Bu müzakere teknikleri çerçevesinde anlaşmazlık kapsamındaki müzakere edilen hususların çözümünde uygulanacak usül/prosedür hususunda, her zaman olmasa da, taraflarla arabulucular arasında farklı yaklaşımlar olabilir. Böyle bir durumda usül/prosedür tartışmalarıyla kaybedilecek zaman ve bunun taraflara getireceği maliyet ve yanısıra esasın şekilden daha önemli olduğu hususu ortaya konulmak suretiyle tıkanan süreç aşılabilir.
Usül/prosedür aşamasından sonra uyuşmazlığın esası müzakere edilmeye başlandığında, anlaşmazlığın çözüme bağlanmasında, arabulucu mevkiinde olanlar oldukça geniş çeşitlilikte araçlara sahiptirler.
Bu konuda en basit ve çoğu zaman etkili olan yaklaşım, masaya taraflarla birlikte oturmak ve müzakereye/tartışmaya onların huzuruyla açık şekilde başlamak olacaktır. Zira ve ancak bu yolla arabulucular, her bir tarafın, diğer tarafın neyle ilgilendiğini, kendisinin ve diğer tarafın ihtilafın esası konusunda ne kadar güçlü ve zayıf olduğunu tam olarak anlayabilirler. Bu husus anlaşmaya varılmasında önemli bir adımdır. Duruşmalardaki tartışmalar ve müzakereler ilerledikçe ve tartışmalı hususlar açıklığa kavuştukça, taraflar arasında ortak bir anlayış ortaya çıkmaya başlar.

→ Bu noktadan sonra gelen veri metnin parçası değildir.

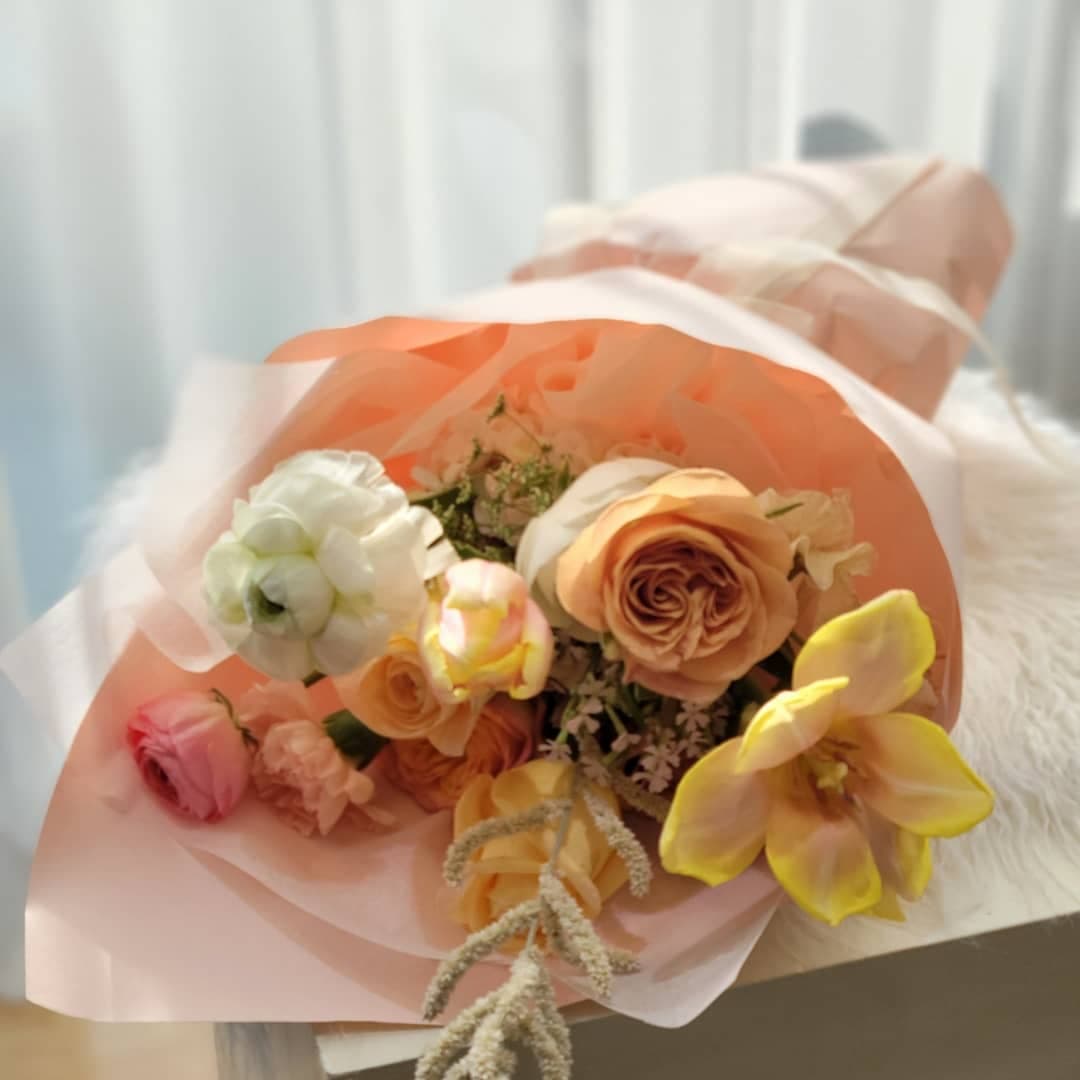 꽃다발 여친 선물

Bu aşamada, arabulucular kendi pozisyonlarını ifade etmezden önce, taraflar, duruşmadaki tartışmalardan ortaya çıkan konsensüsü paylaşmış olurlar. Böyle bir konsensüsün ortaya çıkması elbette alışılmış bir durum değildir. Bununla birlikte, tartışma, her iki tarafın da davaya konu ihtilaflı hususları daha çok anlamalarına katkı yapar ve geriye anlaşma umudu kalır.
Burada önemli olan bir diğer husus, arabulucuların dava ve ihtilaflı olan hususlarla ilgili olarak ayrıntılı bir açıklama yapmalarının gerekliliğidir. Zira böyle bir açıklama, arabulucuların tarafların karşılıklı iddia ve savunmaları konusunda sıkı çalıştıklarını gösterir ve o nedenle taraflara güven verdiği gibi anlaşmaya varmaları hususunda yardımcı da olur.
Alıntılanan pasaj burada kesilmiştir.